さもなければ、その政策決定が正しかったかどうか、後々、検証できないからだ。会議の主宰者にとって都合のいい発言だけを残すのなら、議事録の体をなさない。
政府はなぜ中西氏の発言を議事録に記載しなかったのか。明確な理由は説明されていないが、政府の方針に反する発言を排除したと批判されても仕方があるまい。
政権にとって都合の悪い記録を廃棄したり、改竄(かいざん)するのは、中西氏の発言にとどまらない。
例えば、アフリカ・南スーダンの国連平和維持活動(PKO)に派遣された陸上自衛隊部隊は現地での「戦闘」や「激しい銃撃戦」を日報で報告。
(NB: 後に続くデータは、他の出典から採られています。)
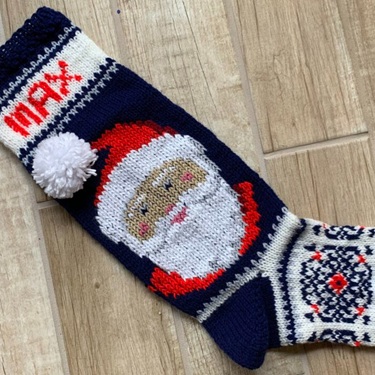 free patterns for Christmas stockings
政府は治安悪化を認識しつつも派遣期間を延長し、日報の情報公開請求にも当初、廃棄済みを理由に不開示としていた。
森友学園への国有地売却を巡る決裁文書では、安倍晋三首相や昭恵夫人、麻生太郎副総理兼財務相らの名前が削除されるなどの改竄が行われていた。
中西氏の発言不記載も、これまでと同様、首相らに対する官僚の忖度(そんたく)なのか。背景に、政権への異論を排除し、首相の意向一色に染め上げる政権の体質があるとしたら、限りなく根は深い。
このようなでたらめ政治、いつまでやらせるのだろう!?
明日の天気は大荒れ。今夜から明日昼過ぎまで雨で、その後雪に代わり、猛烈な風を伴う氷点下の模様。明日は全然仕事にはならない。そんなわけで、ハウスビニールを降ろしました。これでひとまず安心ですが、まだ雪の下にしたくないものが残っている。あまり積もらなければいいのだが。